REQUIRED WORK: Go to the line with "Turismo O turismo" in the entries below and write out every line from there through the line with "XXX - Rapport de gestion, 1928.", exactly and without pictures.
-------- RECORDS TO PROCESS
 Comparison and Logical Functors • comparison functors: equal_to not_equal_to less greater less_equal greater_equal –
----------------
-------- RECORDS TO PROCESS
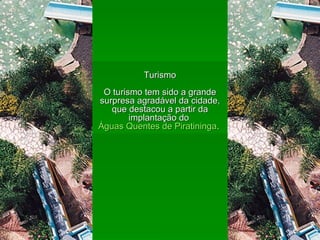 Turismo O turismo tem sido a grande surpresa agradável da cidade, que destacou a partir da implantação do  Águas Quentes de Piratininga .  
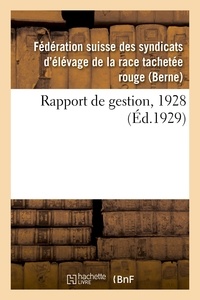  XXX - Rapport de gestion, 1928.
----------------
-------- RECORDS TO PROCESS
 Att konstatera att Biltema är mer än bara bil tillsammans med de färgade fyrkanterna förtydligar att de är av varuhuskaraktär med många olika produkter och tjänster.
----------------
ANSWER AREA:
 Turismo O turismo tem sido a grande surpresa agradável da cidade, que destacou a partir da implantação do  Águas Quentes de Piratininga .  
  XXX - Rapport de gestion, 1928.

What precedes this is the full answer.